Before opening his own practice in 1997, Kevin worked for the New York City Department of Parks & Recreation, where he designed the $2.4 million Marine Park Environmental Center in Brooklyn, which opened to great acclaim in 2000. He also served as project architect for the partial restoration of the Bartow-Pell Mansion in the Bronx, the King Mansion in Queens and the Dyckman Farm House Museum in Manhattan. For the Randall’s Island Sports Foundation, a public-private partnership in Manhattan, he was the project architect for the planning of new sports facilities as well as the renovation and reconstruction of the island’s 400-acre park.
Kevin has worked at several prestigious architecture and landscape architecture firms in New York, including Rafael Vinoly Architects, Fox & Fowle Architects, Kohn Pedersen & Fox Interior Architects, M. Paul Friedberg & Partners, and Weintraub & diDomenico. He is presently teaching Historic Preservation in the Masters program at The Pratt Institute, and has taught architecture at the New York Institute of Technology and landscape design at The City College of New York. In addition, he has served as a guest critic for the architecture schools at Yale University, Columbia University, and the New York Institute of Technology.
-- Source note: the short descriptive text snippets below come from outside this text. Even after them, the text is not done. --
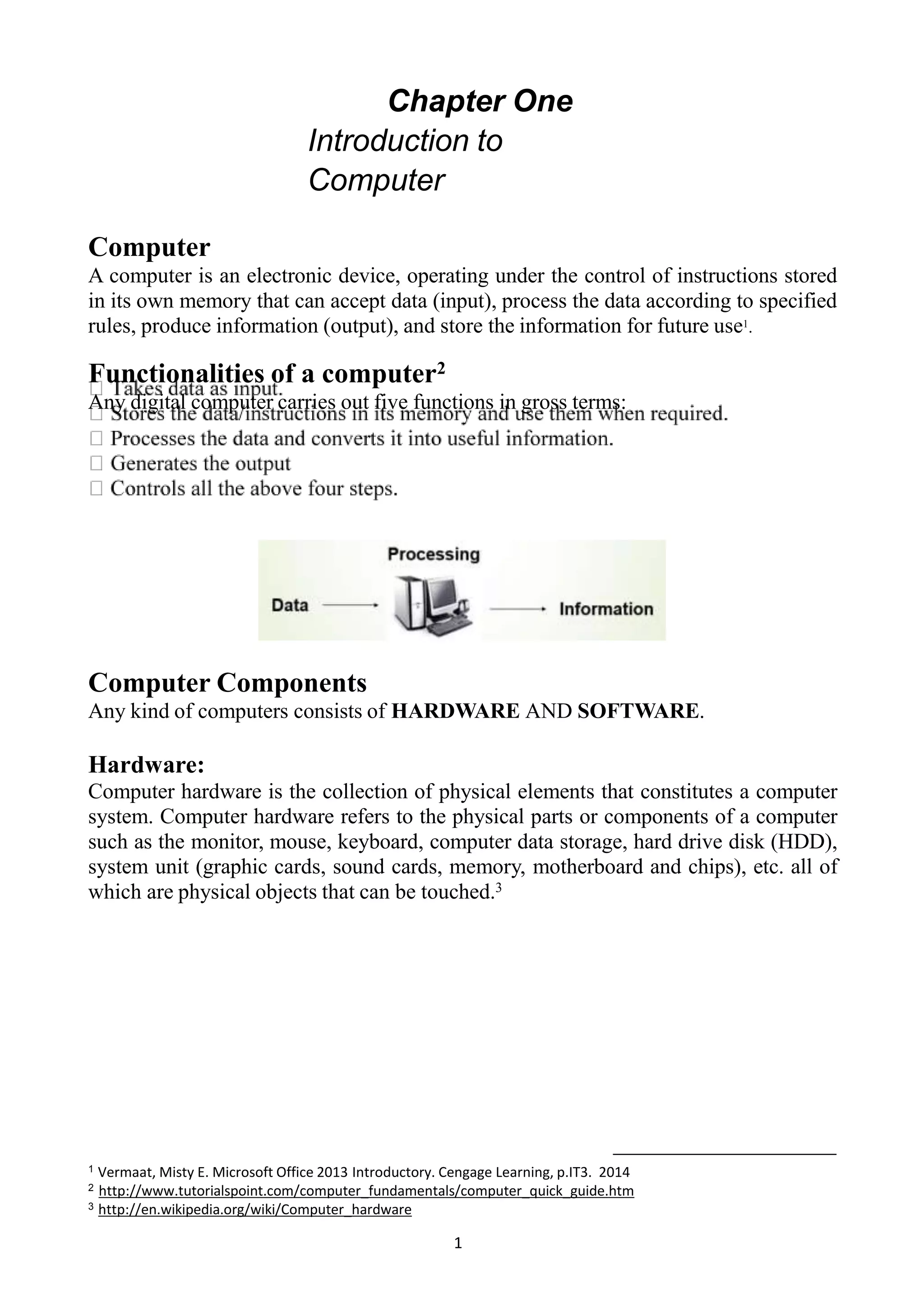 Chapter One
Introduction to
Computer
Computer
A computer is an electronic device, operating under the control of instructions stored
in its own memory that can accept data (input), process the data according to specified
rules, produce information (output), and store the information for future use1.
Functionalities of a computer2
Any digital computer carries out five functions in gross terms:
Computer Components
Any kind of computers consists of HARDWARE AND SOFTWARE.
Hardware:
Computer hardware is the collection of physical elements that constitutes a computer
system. Computer hardware refers to the physical parts or components of a computer
such as the monitor, mouse, keyboard, computer data storage, hard drive disk (HDD),
system unit (graphic cards, sound cards, memory, motherboard and chips), etc. all of
which are physical objects that can be touched.3
1 Vermaat, Misty E. Microsoft Office 2013 Introductory. Cengage Learning, p.IT3. 2014
2 http://www.tutorialspoint.com/computer_fundamentals/computer_quick_guide.htm
3 http://en.wikipedia.org/wiki/Computer_hardware
1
A former journalist, Kevin regularly contributes articles about architecture, interior design, landscape design and historic preservation to magazines including Garden Design, Metropolis, House Beautiful, Colonial Homes, and Traditional Home. His essays on architecture and landscape design have been featured in several books, including Long Island's Great Estates, 1860-1940, published in 1997 for The Society for the Preservation of Long Island Antiquities. He has also written a book, This Salubrious Spot—100 Years at Douglas Manor, published in 2007 by the Douglas Manor Association.
A graduate of Holy Cross College, Kevin holds a Master’s degree in Architecture from Columbia University, a Master of Arts degree from Clark University and a Bachelor’s degree in Landscape Architecture from The City College of New York.
With more than two decades of experience as an interior designer, Pam Broderick is a seasoned professional who is known for her ability to translate clients’ tastes and lifestyles into beautiful and livable interiors at every budget level, whether it’s furnishing a whole house or redesigning one room.
Pam first trained with Carol Hayden of the renowned New York interior design firm Hayden Perowne, and later spent many years as an interior designer with Windham House, an antiques and home furnishings purveyor in Greenvale, New York. In 2007, she formed an association with architect Kevin Wolfe where her recent projects have included the Hur Residence in Douglas Manor, and the Palladino Residence in Montauk.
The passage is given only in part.